Exercise details:
Output, exactly as written, the lines below starting at the line containing "Terreno - Rio do Campo - SC" and ending at the line containing "Kurutulmuş Papatya - Açık Pembe 5 Adet". Drop the pictures and keep both end lines.

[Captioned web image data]
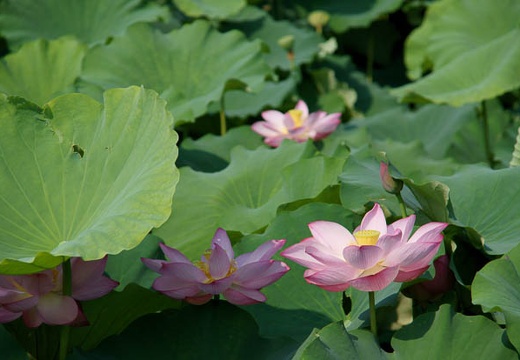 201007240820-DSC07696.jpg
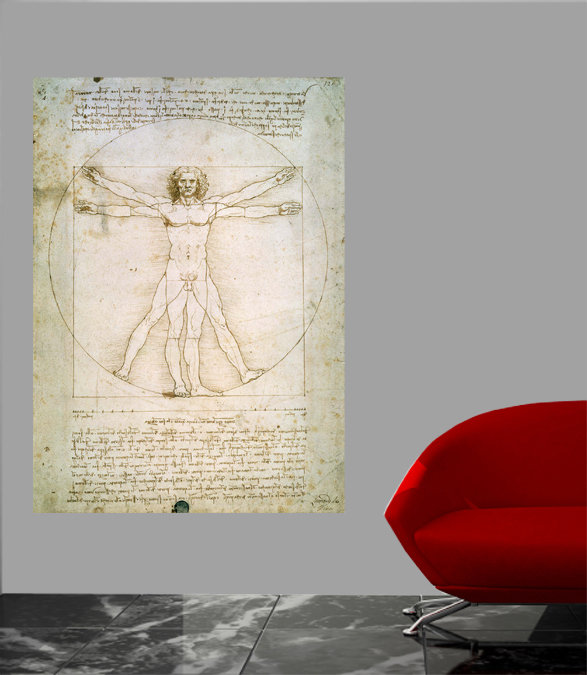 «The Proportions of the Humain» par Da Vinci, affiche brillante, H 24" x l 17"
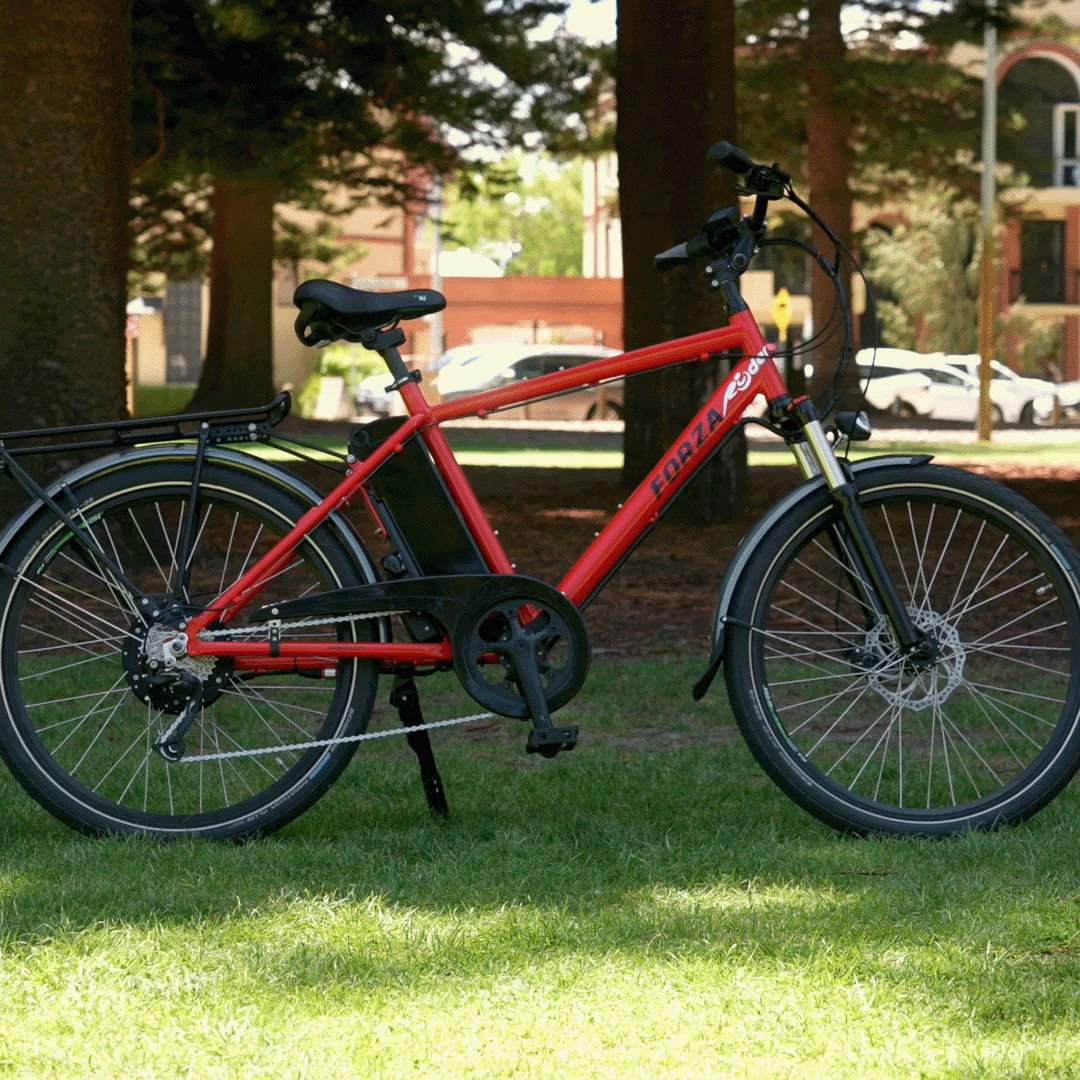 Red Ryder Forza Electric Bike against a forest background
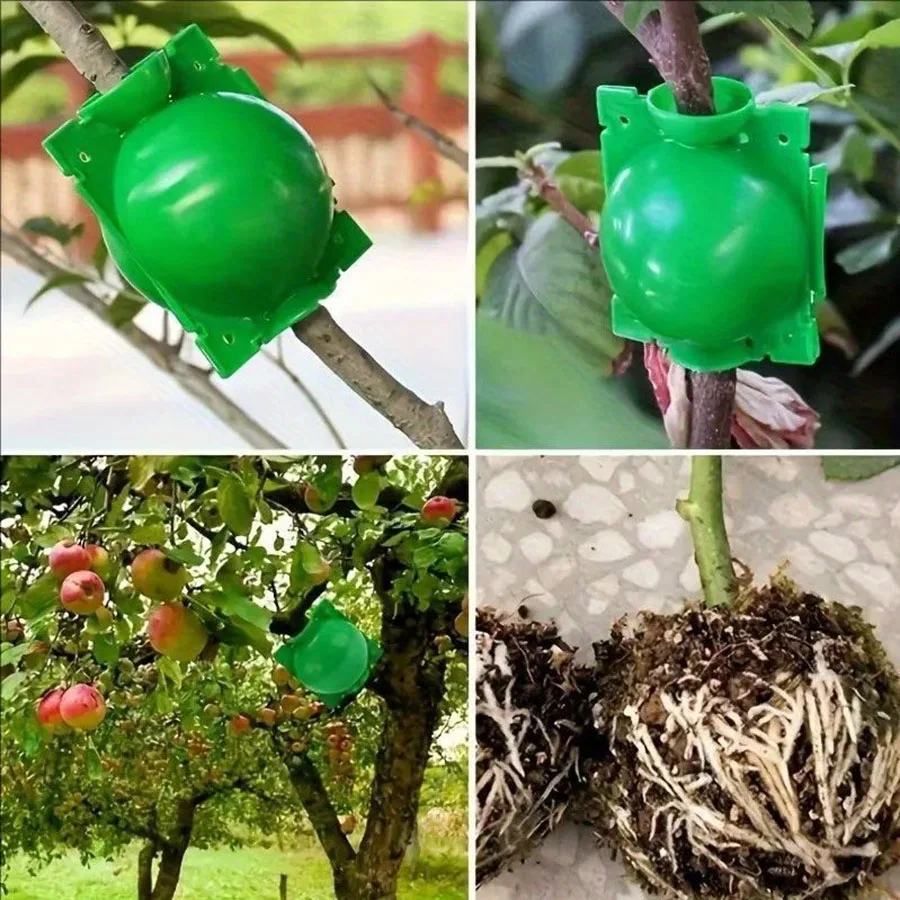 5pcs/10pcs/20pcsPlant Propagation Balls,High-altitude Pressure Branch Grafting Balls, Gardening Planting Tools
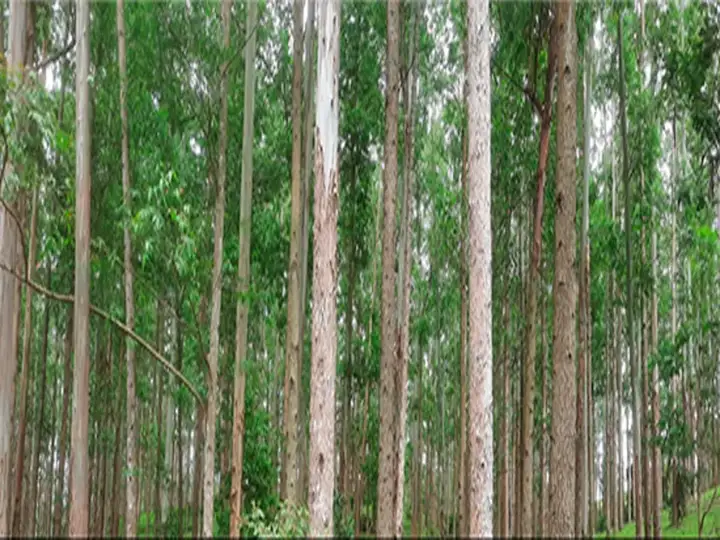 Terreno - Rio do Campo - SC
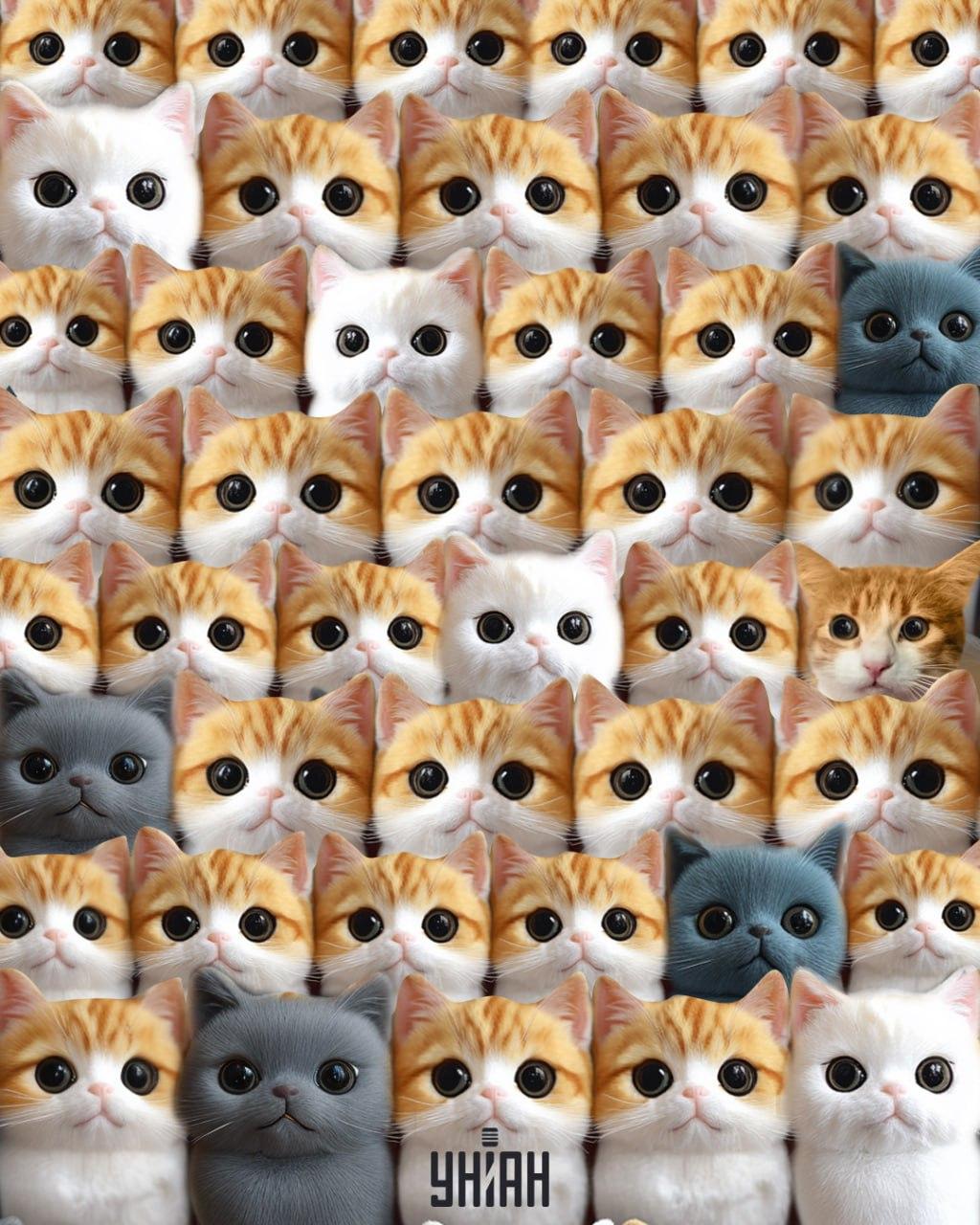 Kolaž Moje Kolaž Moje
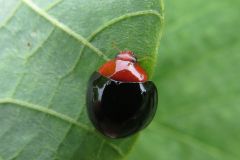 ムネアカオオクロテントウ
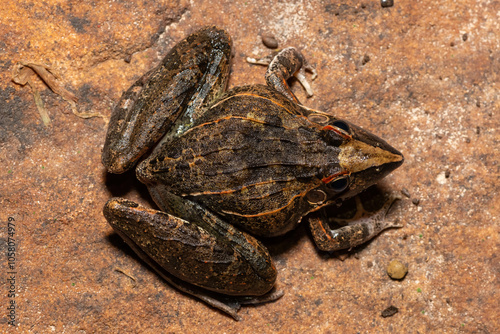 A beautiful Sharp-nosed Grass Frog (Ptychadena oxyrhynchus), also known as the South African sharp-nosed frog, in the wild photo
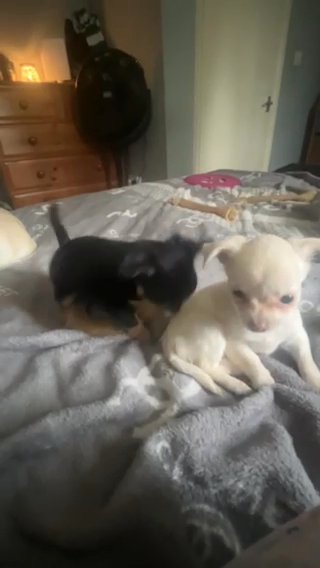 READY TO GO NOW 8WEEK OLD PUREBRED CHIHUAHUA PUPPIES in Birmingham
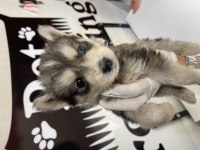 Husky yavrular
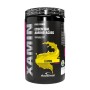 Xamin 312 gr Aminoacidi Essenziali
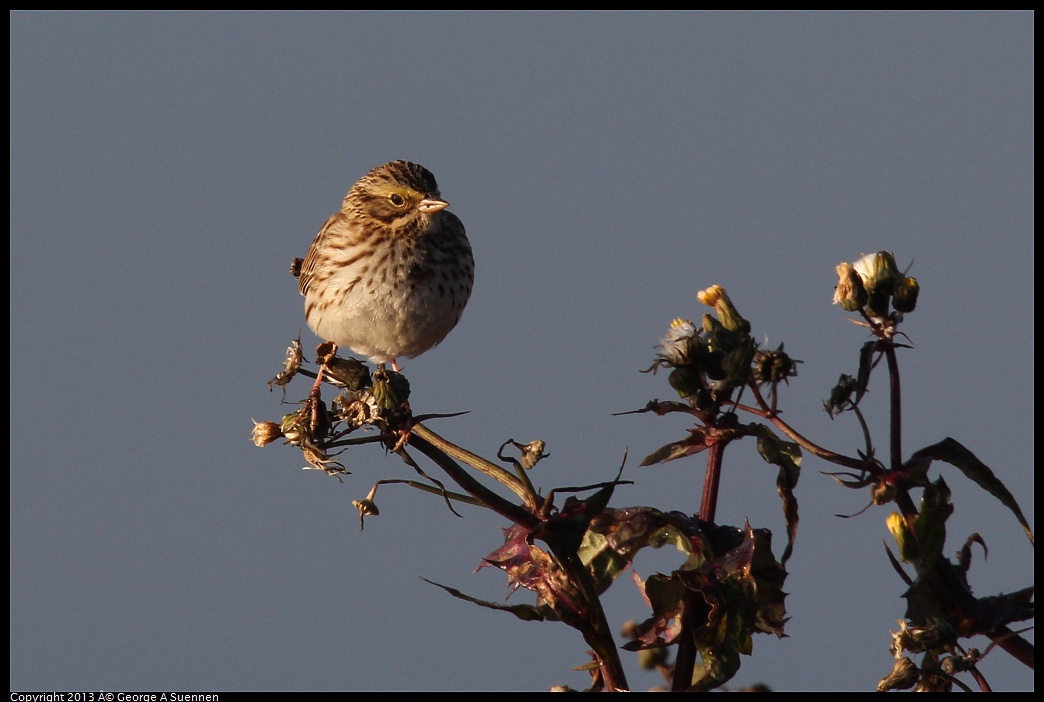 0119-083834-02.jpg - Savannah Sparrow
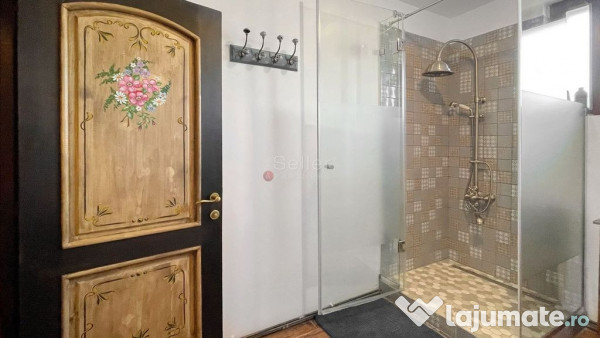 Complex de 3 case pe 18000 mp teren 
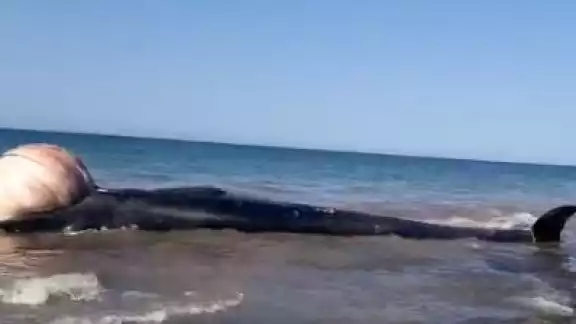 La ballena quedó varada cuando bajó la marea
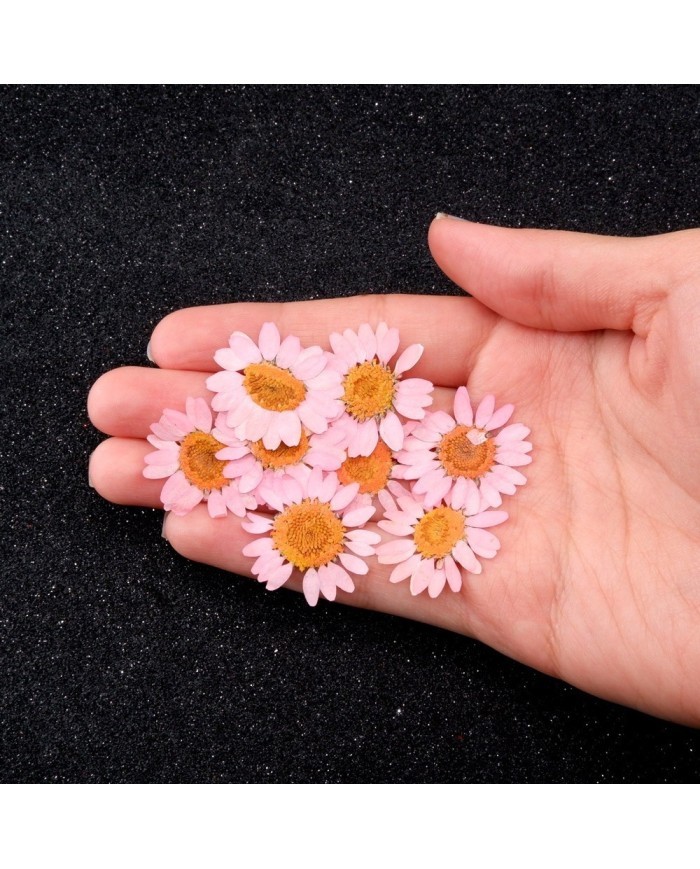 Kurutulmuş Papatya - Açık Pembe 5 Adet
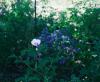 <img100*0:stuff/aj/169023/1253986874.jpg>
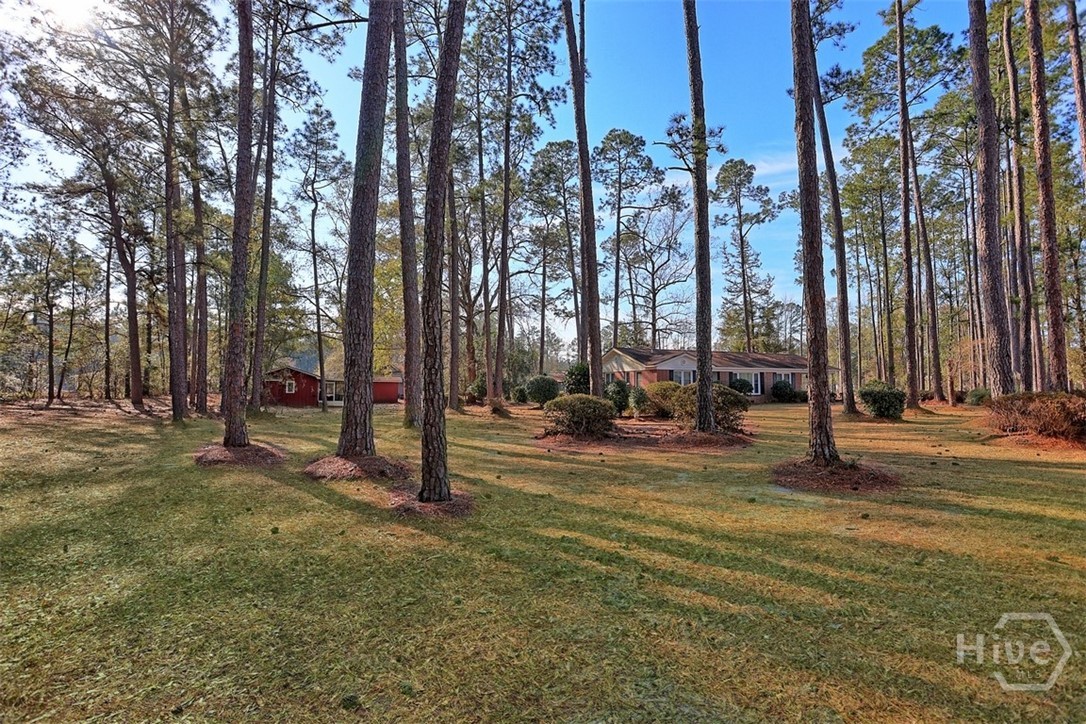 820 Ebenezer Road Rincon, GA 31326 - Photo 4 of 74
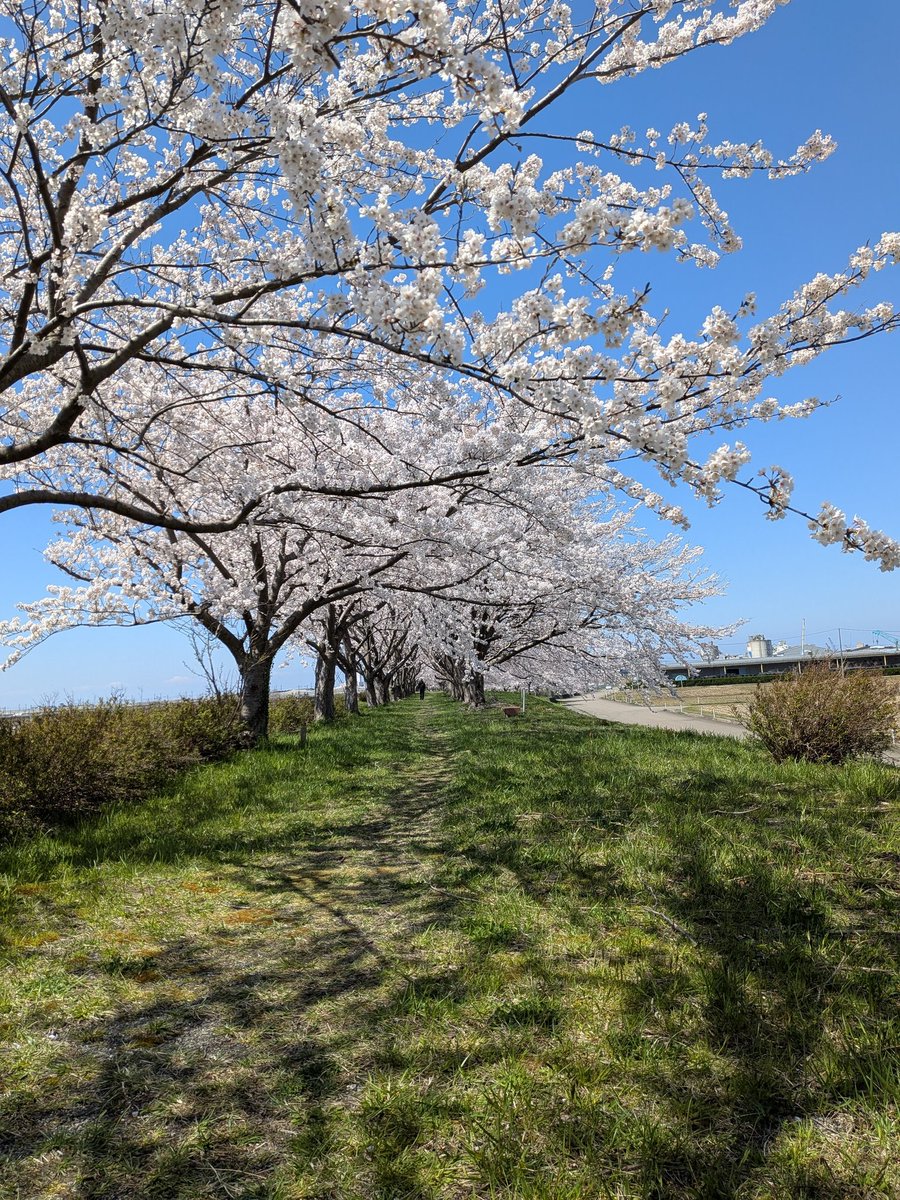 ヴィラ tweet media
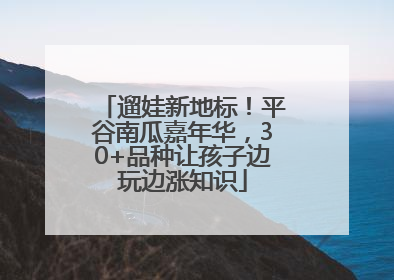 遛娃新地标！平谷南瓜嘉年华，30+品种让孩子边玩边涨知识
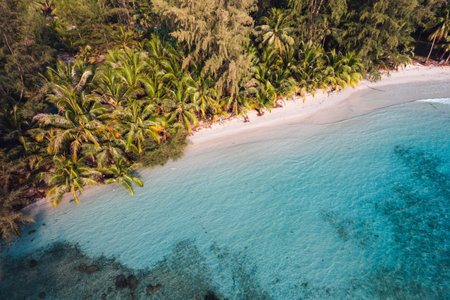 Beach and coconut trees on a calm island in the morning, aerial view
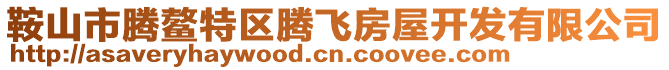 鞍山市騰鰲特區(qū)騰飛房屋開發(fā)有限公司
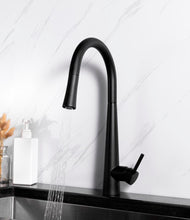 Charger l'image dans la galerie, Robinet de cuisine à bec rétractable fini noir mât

Answer to the exercise:
 Terreno - Rio do Campo - SC
 Kolaž Moje Kolaž Moje
 ムネアカオオクロテントウ
 A beautiful Sharp-nosed Grass Frog (Ptychadena oxyrhynchus), also known as the South African sharp-nosed frog, in the wild photo
 READY TO GO NOW 8WEEK OLD PUREBRED CHIHUAHUA PUPPIES in Birmingham
 Husky yavrular
 Xamin 312 gr Aminoacidi Essenziali
 0119-083834-02.jpg - Savannah Sparrow
 Complex de 3 case pe 18000 mp teren 
 La ballena quedó varada cuando bajó la marea
 Kurutulmuş Papatya - Açık Pembe 5 Adet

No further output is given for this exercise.